Next-Generation Technologies & Secure Development
Anthropic’s Smaller Claude Model Improves Agents, Reduces Regulatory Risk

Days after the U.S. government partially lifted the export ban on Mythos 5, Anthropic released a new model that is smaller, cheaper, safer and most importantly not likely to be blocked by the administration.
See Also: Beat the Breach: Outsmart Attackers and Secure the Cloud
Anthropic launched Sonnet 5, the mid-sized version of its Claude models, with better agentic capabilities than its predecessor and at a lower cost than the current flagship Opus 4.8 model. The company said Sonnet 5 “is built to be the most agentic Sonnet model yet” and can access browser and terminal tools, make plans and run autonomously at a level that previously only larger and more expensive models could do.
“More recently, the clearest gains in agentic capabilities have been in our Opus-class models,” the company said. “Sonnet 5 narrows the gap: its performance is close to that of Opus 4.8, but at lower prices.”
Based on Anthropic’s benchmark testing, Sonnet 5 scored 63.2% in SWE-Bench Pro’s agentic coding test and 80.4% in Terminal-Bench 2.1, compared to 58.1% and 67%, respectively, for Sonnet 4.6. In comparison, Opus 4.8 notched a 69.2% in SWE-Bench Pro. Sonnet 5 ideally works best for quicker agentic tasks and for organizations who want to balance cost with capability.
Early testers said Sonnet 5 completes complex tasks and checks its own inputs without prompting, activities that previous Sonnet versions had difficulty doing so. On a cost per task scale, showed strong capabilities for minimum compute exerted by the model. This means that organizations can use Sonnet 5 with a high compute effort and will come close to Opus 4.8’s minimal effort.
The Sonnet size of Claude models was always meant to be a more balanced option for users. Haiku, the smallest size, was designed for quick, low-latency actions. Opus, the flagship model, works best for longer, more complicated tasks that require strong reasoning capabilities. Opus was previously the largest weight available from Anthropic until the development of Mythos and eventually Fable 5.
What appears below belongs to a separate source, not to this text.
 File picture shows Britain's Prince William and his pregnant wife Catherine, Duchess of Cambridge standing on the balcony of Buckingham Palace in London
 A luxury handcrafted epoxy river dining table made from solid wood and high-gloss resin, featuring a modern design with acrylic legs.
Because of its smaller size, Sonnet 5 is unlikely to face the same level of scrutiny from the Trump administration. The White House, by executive order, requested that frontier model labs voluntarily offer their models for safety testing. So far, the administration has made requests to limit deployment only for larger models like Mythos 5, Fable 5, and, more recently, OpenAI’s GPT-5.6.
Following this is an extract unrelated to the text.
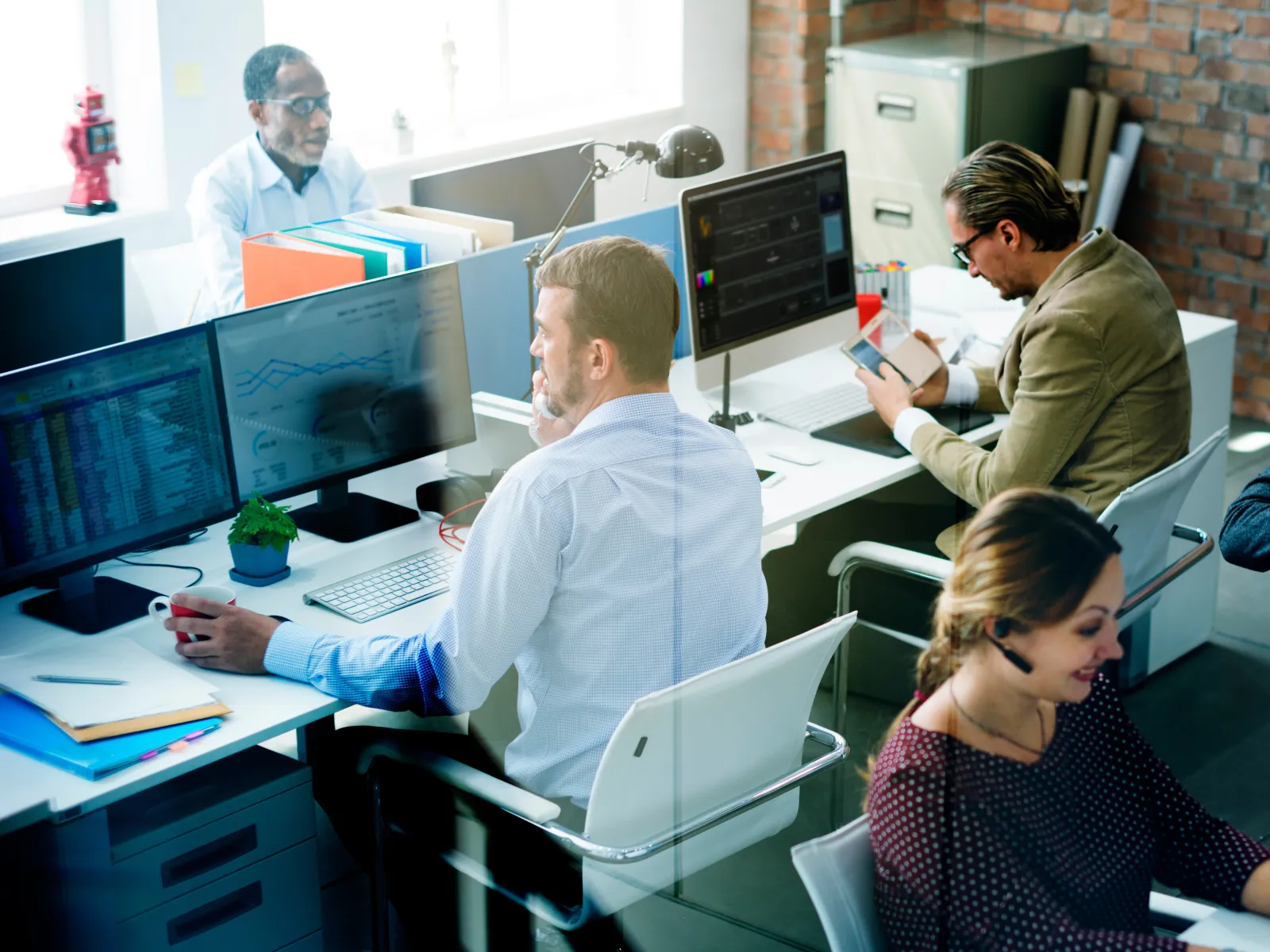 Busy office scene with professionals working at computers and talking on phones in a modern workspace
Anthropic’s pre-deployment safety evaluations showed that in terms of agentic safety, Sonnet 5 showed strong improvements. It better rejects malicious requests and resists prompt injection attempts. It also has lower hallucination rates and cooperates less with prompted misuse and deceptive behaviors.
But Sonnet 5 does not have the same cybersecurity capabilities, especially against Opus 4.8 and very security-focused Mythos 5. It can perform routine cyber tasks. But Anthropic said Sonnet 5 can’t make a full working exploit. Since Sonnet 5 is more knowledgeable than Sonnet 4.6, it still showed partial success, which the company attributed to “improvements in general intelligence rather than specific training.”
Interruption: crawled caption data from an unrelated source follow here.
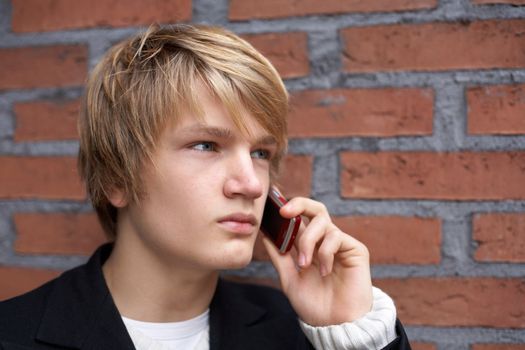 Teenage boy using mobile phone by brick wall, close-up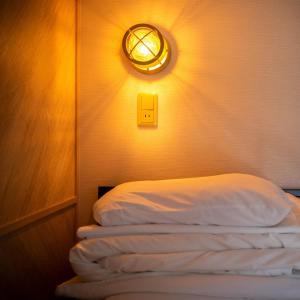 a room with a bed with a light on the wall at Super Hotel Nagaizumi Numazu Inter in Nagaizumi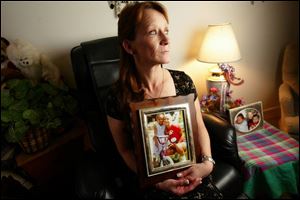 Nadine Fechtner holds a picture of her late daughter, Buffie Rae Brawley, and Ms. Brawley's daughter, Ebony.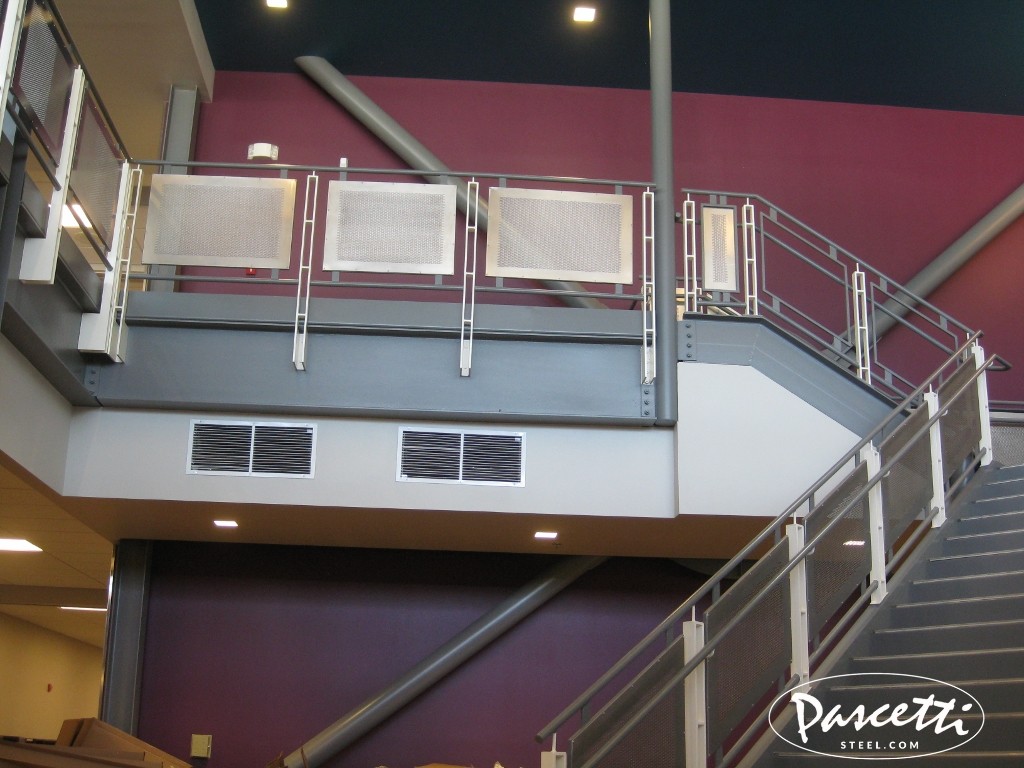 Commercial ADA compliant stair and handrail system with perforated metal panel infill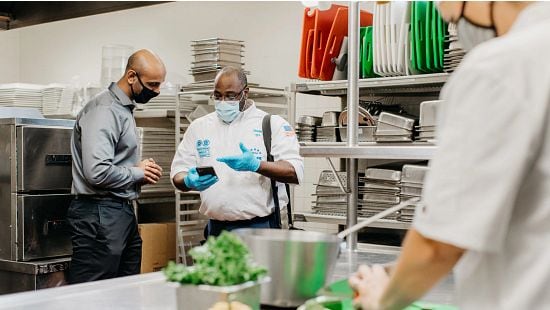 Food Safety Expert Talking to a Front of House Employee inside a Restaurant. 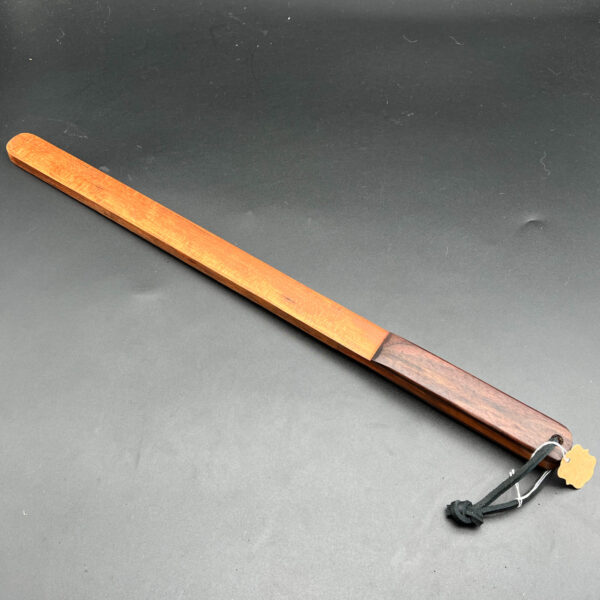 Long narrow wooden thick stick made with cherry wood, an orange-brown color with a laminated handle using black walnut
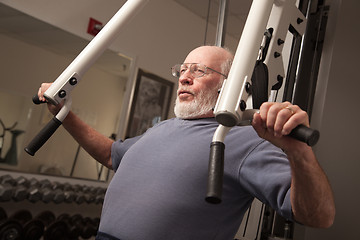 Image showing Senior Adult Man Working Out in the Gym.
Due to this, Anthropic said it enabled cyber safeguards that block activities such as mass data exfiltration, vulnerability exploitation and offensive security tooling development.
“These safeguards – which detect and block dangerous cyber usage in real time – are the same as those present in Claude Opus 4.7 and 4.8 (because we judged that the overall level of cybersecurity risk from Sonnet 5 was low, the safeguards are less strict than those launched with Fable 5, which block a much wider range of cybersecurity tasks),” Anthropic said.
Sonnet costs an introductory price $2 per million input tokens and $10 per million output tokens. After Aug. 31, it will increase to $3 per million input tokens and $15 per million output tokens. Sonnet remains at a lower cost than Opus 4.8 at $5 per million input tokens and $25 per million output tokens.